Object-relational mapping is a programming technique that links relational databases to object-oriented language concepts, creating (in effect) a "virtual object database."

The Problem

In the object-oriented programming methodology, programming objects represent real-world objects to some degree. To illustrate, consider the example of an address book, which contains listings of people along with zero or more phone numbers and zero or more addresses. In the OO world this would be represented by a "person object" with "slots" (fields, members, instance variables etc.) to hold the data that makes up this listing: the persons name, a list (or array) of phone numbers, and a list of addresses.

The trick comes when it's time to save that data out to permanent storage. From a programmer's perspective, the best solution is a persistent object store, into which any object can be placed and later found. Most object oriented APIss include some sort of solution for this task. For instance, Java uses the Serializable interface which will "serialize" a series of objects into a form suitable for saving to disk. This is a perfectly usable solution in most situations, and most programs use some similar form of object store.

However, for larger applications the store has to be considerably more powerful. Even minor damage to a "simple" file can render the entire file unusable for real-world applications. In addition, it becomes progressively more expensive to find information in such a store as the total number of objects—or more generally, the total amount of data—grows.

The solution to these sorts of data storage problems already exists: databases. However, almost all database systems pre-date the object revolution that occurred in the 1990s, and they tend to "map" poorly into the OO world because they are based on a completely different set of concepts. This problem is known as impedance mismatch.

The best solution would be to use an object database, which, as the name implies, is a database designed specifically to look at and work with object programs. However, these databases have a serious credibility problem in the "big iron" world of databases. Programmers are forced—directly or indirectly—to use relational databases instead.

Traditional relational databases use a series of tables representing simple data. Optional or related information is stored in other tables. A single record in the database often spans several of these tables, and requires a join to collect all of the related information back into a single piece of data for processing. This would be the case for the address book, which would likely include at least a user and address table, but perhaps even a phone number table as well.

In the object world there is a clear sense of "ownership," where a particular person object owns a particular phone number. This is not the case in a relational database, where the tables have no idea how they relate to other tables at a fundamental level. Instead, the user must construct a "query" to gather the information back together.

Doing this is not a simple task. Due to the complexities of relational databases, it can be very expensive to submit several queries in a row. One can't, for instance, expect good performance if one does a series of operations like "find this user, ok, now find this user's addresses, ok...". Instead, one must construct a single large query that says "find this user and all their addresses and phone numbers and return them in this format."

After construction of the query, the data returned has to be copied into the fields in the objects in question. Once there, the object has to watch to see if these values change, and then carefully reverse the process to write the data back out to the database.

Given these two very different worlds, object code for working with databases tends to be very complex and bug-ridden.

The Solution

Object-relational systems attempt to solve this problem by providing software to do this mapping automatically. Given a list of tables in the database, and objects in the program, they will automatically map requests from one to the other. Asking a person object for its phone numbers will result in the proper query being created and sent, and the results being "magically" translated directly into address objects inside the program.

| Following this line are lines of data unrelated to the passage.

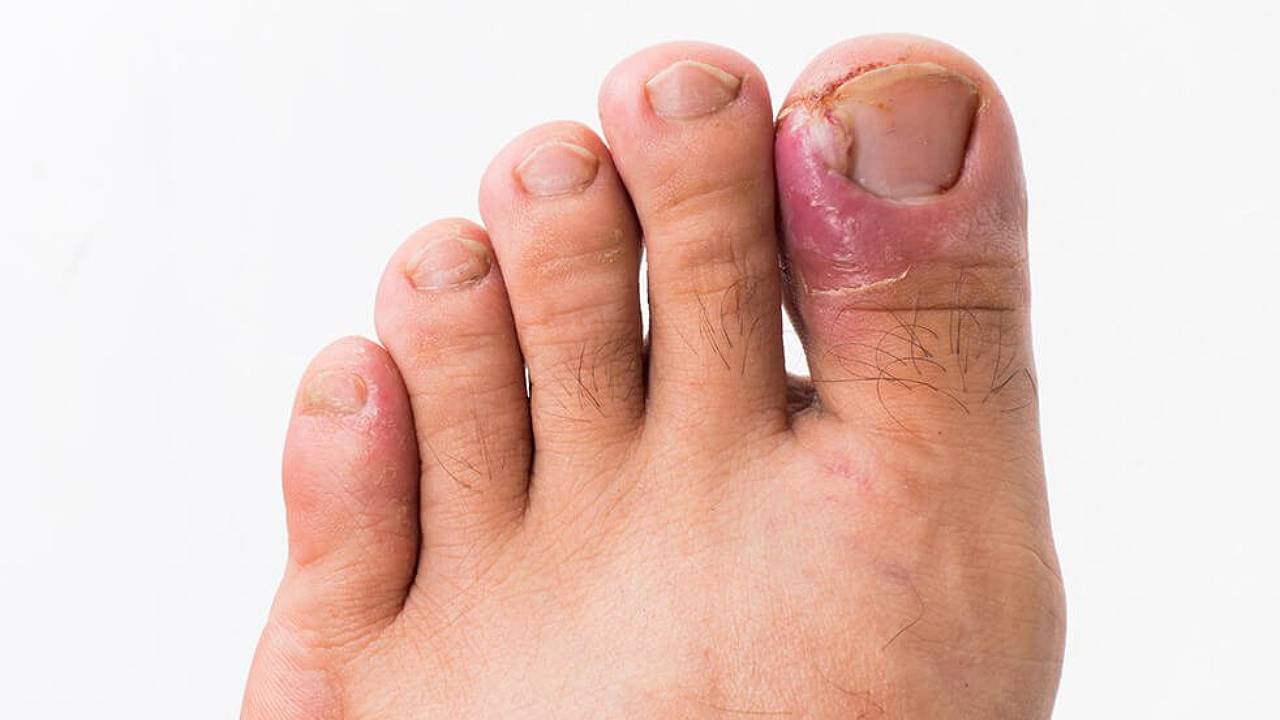 ECPC | Ingrown Toe Nail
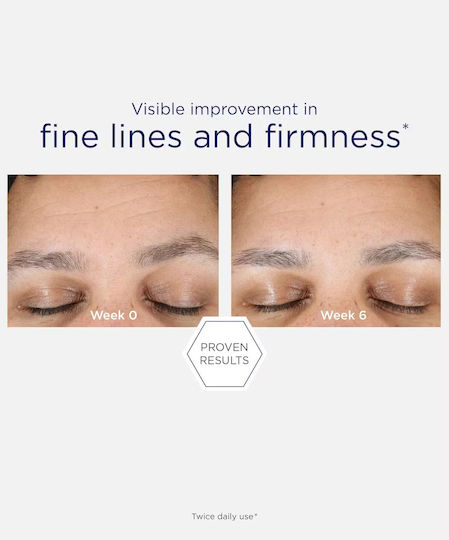 Neostrata Skin Active Hyaluronic Luminous Lift Κρέμα Προσώπου για Ενυδάτωση, Αντιγήρανση & Σύσφιξη με Ρετινόλη & Υαλουρονικό Οξύ 50gr
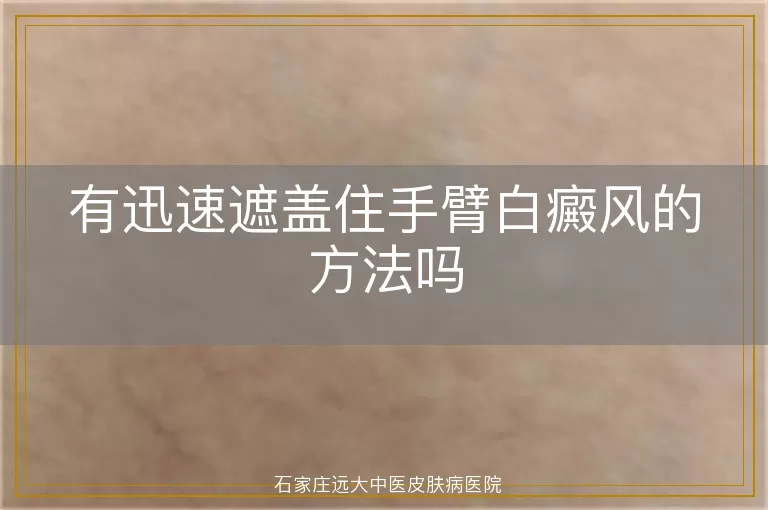 有迅速遮盖住手臂白癜风的方法吗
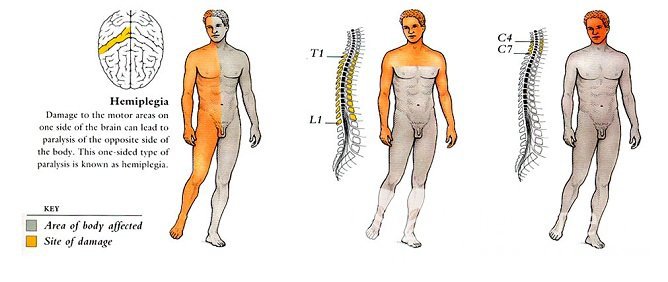 Варианты поражения при гемиплегии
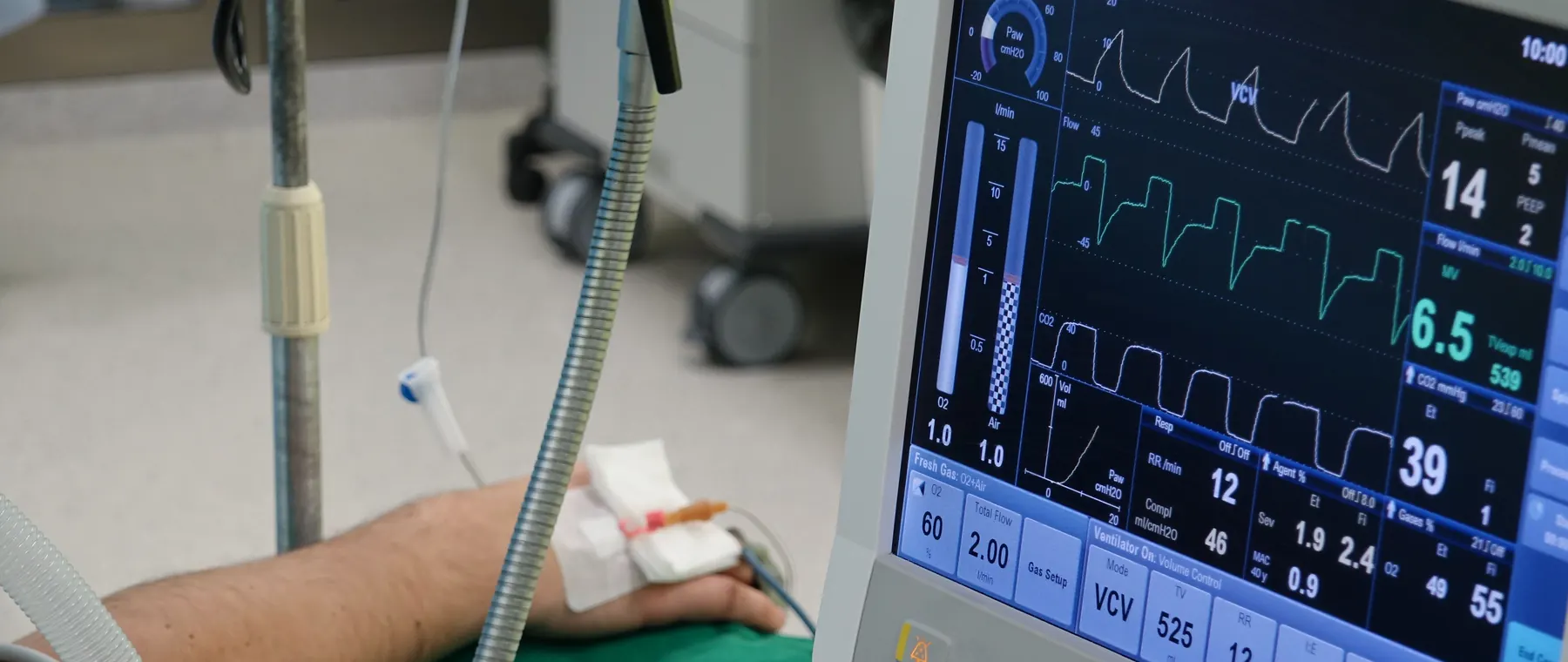 A close-up of a patient's hand connected to medical equipment in an ICU room.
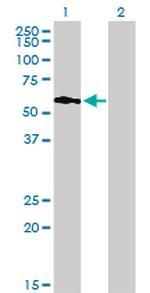 PIP5K3 Antibody in Western Blot (WB)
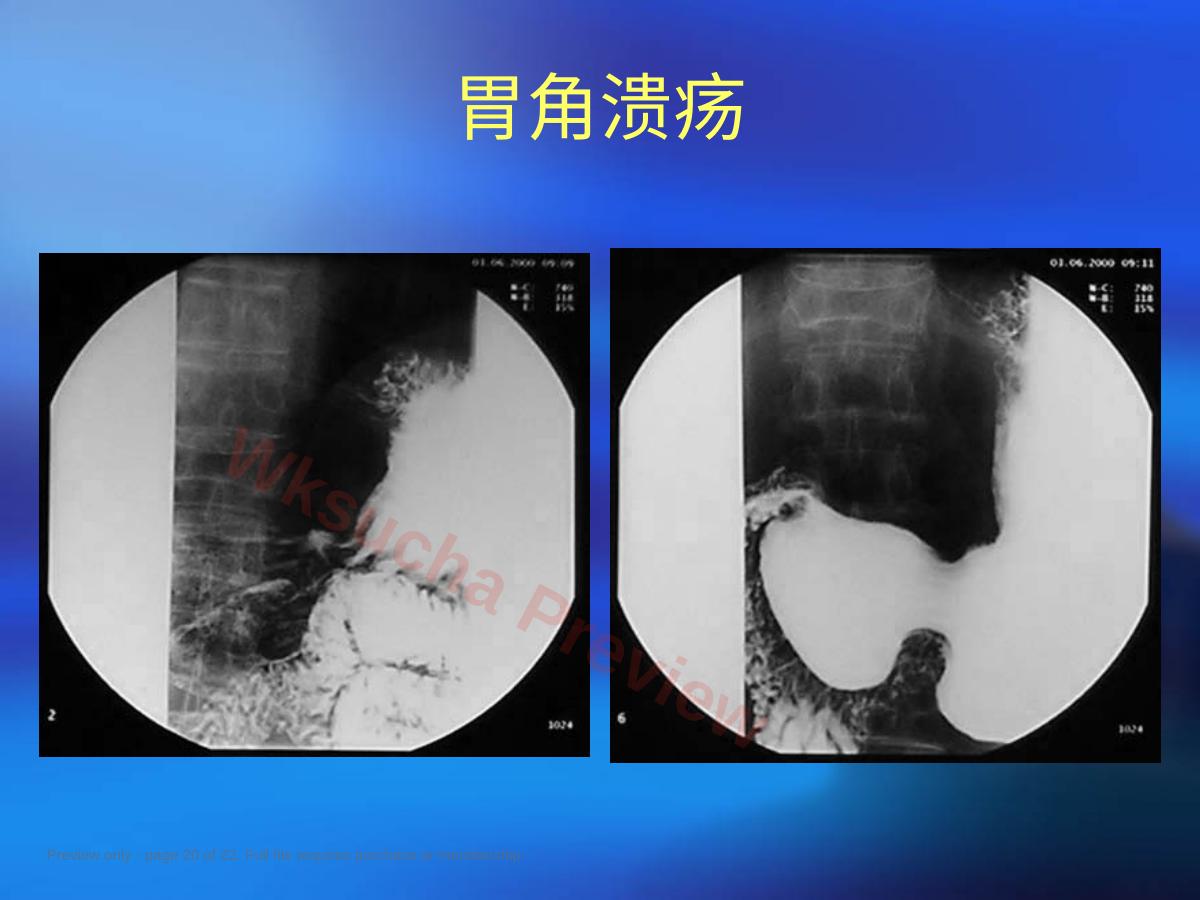 预览第 20 页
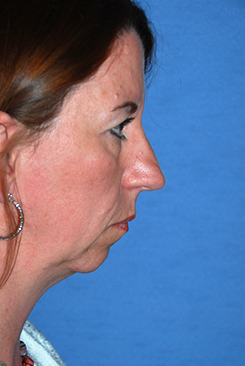 Rhinoplasty Before & After Photo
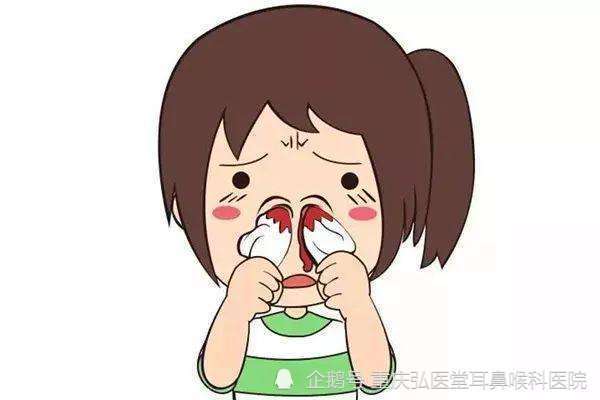 2,涂抹软膏:当鼻血被控制后,在鼻内涂一些维生素e软膏.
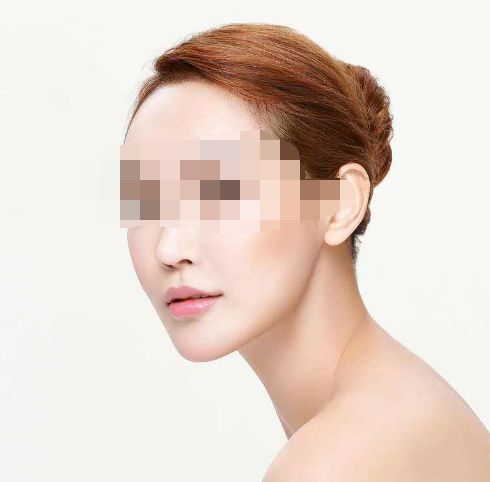 成都吸脂塑身醫(yī)院全方位指南：口碑、技術(shù)、案例解析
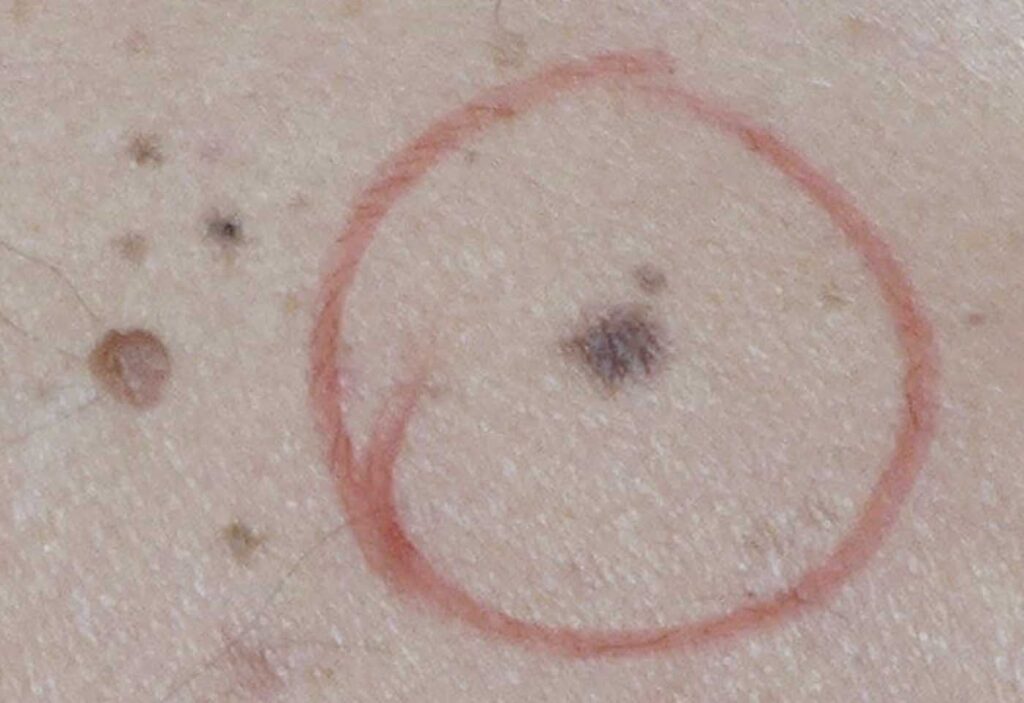 lesion cutnée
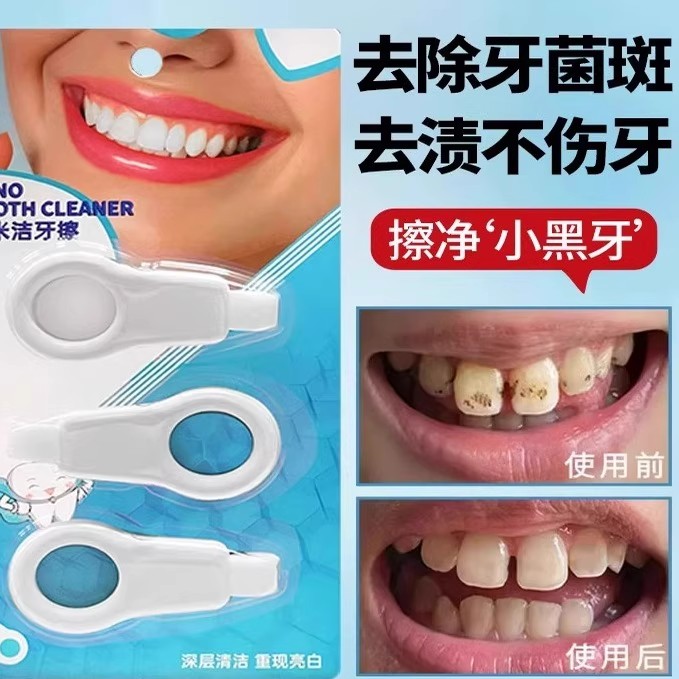 牙齿清洁牙擦去色素沉淀橡皮擦牙菌斑洗小黑牙除牙渍牙垢神器家用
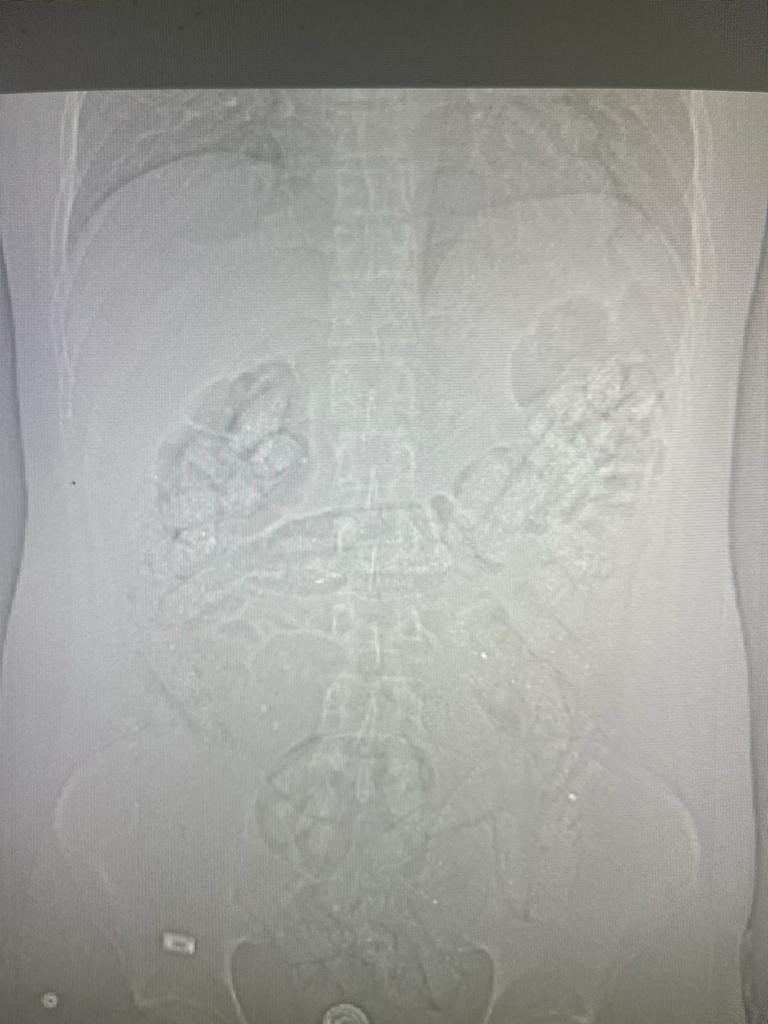 Midesinde uyuşturucu sevkiyatı yapan zanlı tutuklandı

From a programmer's perspective, the system looks like a persistent object store. One can create objects and work with them as one would normally, and they automatically end up in the relational database.

Things are never that simple though. All O-R systems tend to make themselves visible in various ways, reducing to some degree one's ability to ignore the database. Worse, the translation layer can be slow and inefficient (notably in terms of the SQL it writes), resulting in programs that are slower and use more memory than code written "by hand."

A number of O-R systems have been created over the years, but their effect on the market seems mixed. Considered one of the best was NeXT's Enterprise Objects Framework (EOF), but it failed to have a lasting impact on the market, chiefly because it was tightly tied to NeXT's entire toolkit, OpenStep. It was later integrated into NeXT's WebObjects, the first object-oriented Web Application Server. Since Apple Computer bought NeXT in 1997, EOF provides the technology behind the Apple e-commerce Web site and the .Mac services. Apple provides EOF in two implementations: the Objective-C implementation that comes with the Apple Developers Tools and the Pure Java implementation that comes in WebObjects 5.2

More recently, a similar system has started to evolve in the Java world, known as Java Data Objects (JDO). Unlike EOF, it is a standard only, and it is expected that several implementations will be available from different vendors.